In a sworn affidavit, Eastman said he was present in Washington, D.C., at the time but did not participate in the insurrection and has never participated in “any Oath Keeper meeting or event.”
But Fletcher argued that Eastman still fails to meet the state’s constitutional standards. In written filings and on Tuesday, she said her case proves that Eastman is a member of the Oath Keepers, that the Oath Keepers advocate the overthrow of the U.S. government and that the Division of Elections has failed to properly enforce the constitution.
Joe Miller is representing Eastman. He is an attorney who unsuccessfully challenged Lisa Murkowski for U.S. Senate in 2010.
Speaking Tuesday, Miller called the case a “political hit” and said that if Eastman is disqualified, it would disenfranchise voters in his Wasilla district. He noted the results of the Aug. 16 primary election, in which Eastman received more than half of the votes for House District 27.
“Your Honor, the fact of it is, if we take him off the ballot … you’re basically disenfranchising over half that district,” Miller said.
Miller argued that Oath Keepers’ bylaws do not advocate violent action against the U.S. government and that some members’ crimes do not reflect on the organization as a whole.
“The Oath Keepers have been basically (dragged) through the media as this insurrectionist group, because as even admitted by plaintiff, a couple of dozen, maybe 32 people have been indicted out of the group,” he said.
That Eastman was present at protests preceding the insurrection is not proof that he advocates the overthrow of the government, Miller said.
“The people that were there on the 6th were there to preserve constitutional government,” he said.
“I think most of them still believe that they were complying with their constitutional oath — of course, we aren’t talking about the violence and the other things took place — but in protesting what was going on,” he said, drawing a line between insurrectionists and people who participated in protests preceding the insurrection.
If the accused Oath Keepers hadn’t been leaders of the group, or if Eastman had disavowed his membership in the Oath Keepers, Fletcher said, “it might be a different situation.
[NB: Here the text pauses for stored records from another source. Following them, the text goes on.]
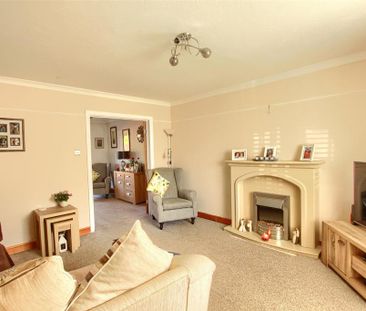3 bedroom detached house to rent - Photo 2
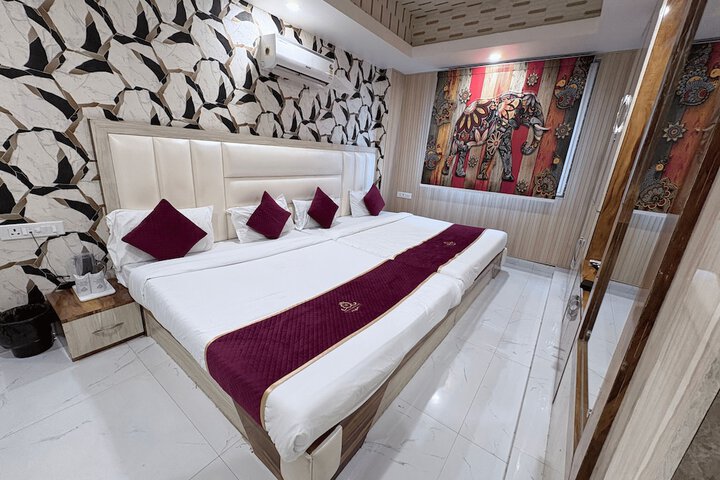 Room 12 of 23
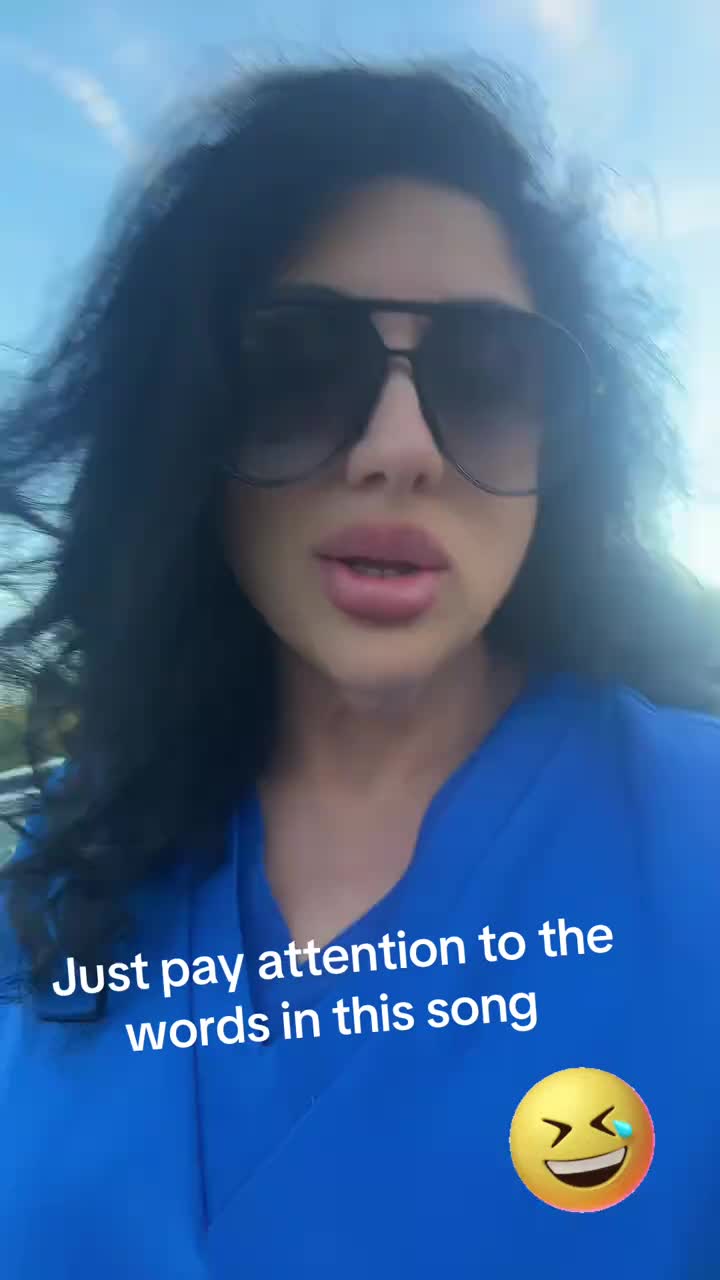 @Dolly_Canadezika
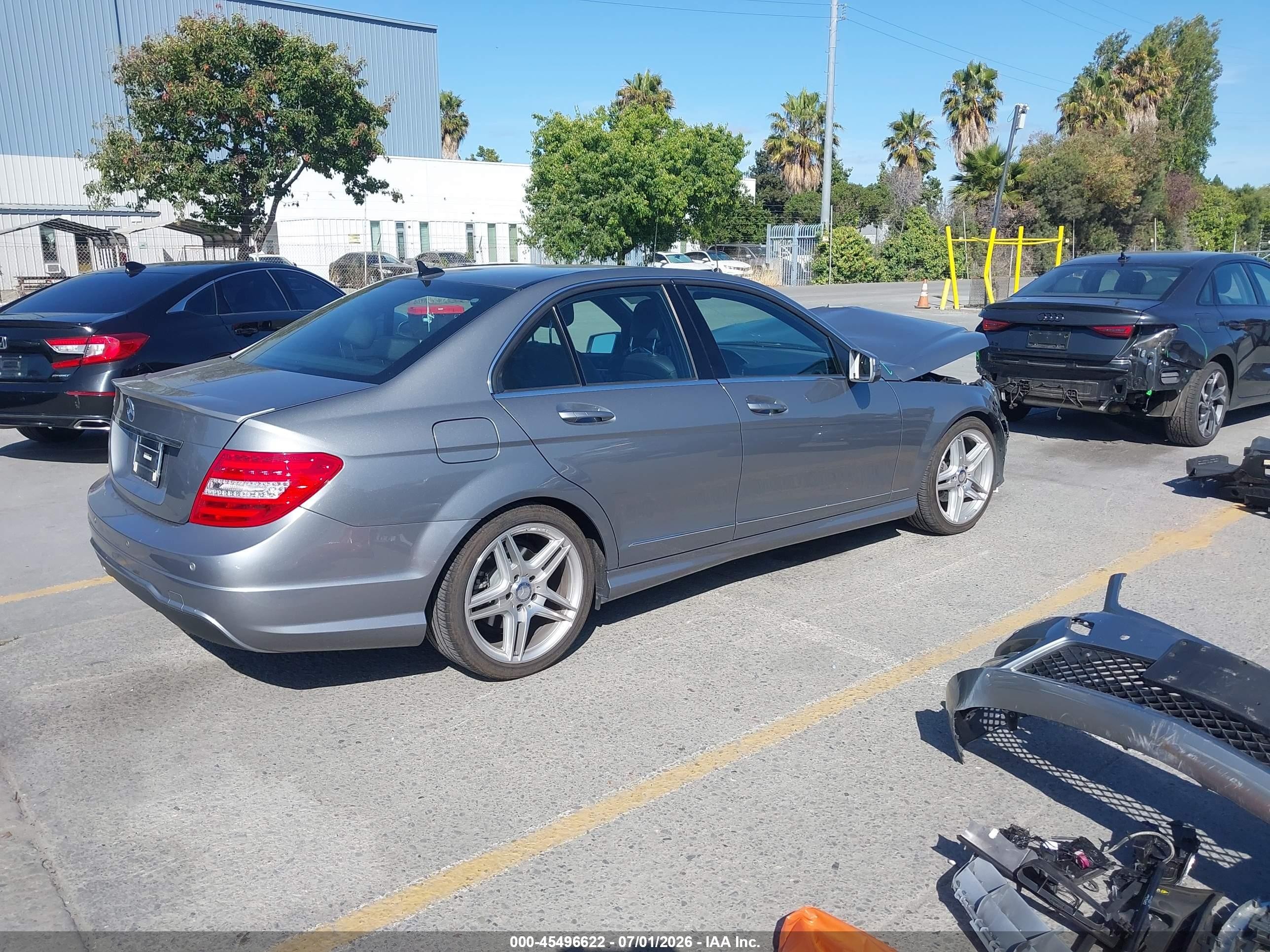 2013 Mercedes-benz C 250 Sport Gray vin: WDDGF4HB8DR255481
But those aren’t the facts before us today.”
“This is not a case about political arguments and differences in opinion on what one does or doesn’t oppose. It’s about using violence to further your goals in a system instead of going through the proper political means,” Fletcher said.
McKenna asked Miller whether he would argue that Eastman is not a member of the Oath Keepers.
Plaintiffs, Miller responded, need to show that Eastman is a current member, not just a past one.
“Whether or not he’s currently a member, that burden is on them,” he said.
Assistant Attorney General Lael Harrison, representing the Division of Elections, said the agency won’t say whether the Oath Keepers advocate the overthrow of the U.S. government.
Instead, she said, the state’s position is that the Division of Elections did not do anything wrong by failing to reject Eastman’s candidacy. Removing Eastman’s name from ballots would do more harm than good to the election process, she said.
“Anytime we tinker with (the election process), it has the potential to either cause an actual problem or cause a perception concern in the eye of the public,” she said.
Fletcher said that if it’s too late to remove Eastman from ballots, the Division of Elections could take alternative actions, such as mailing a notice that says Eastman has been deemed ineligible.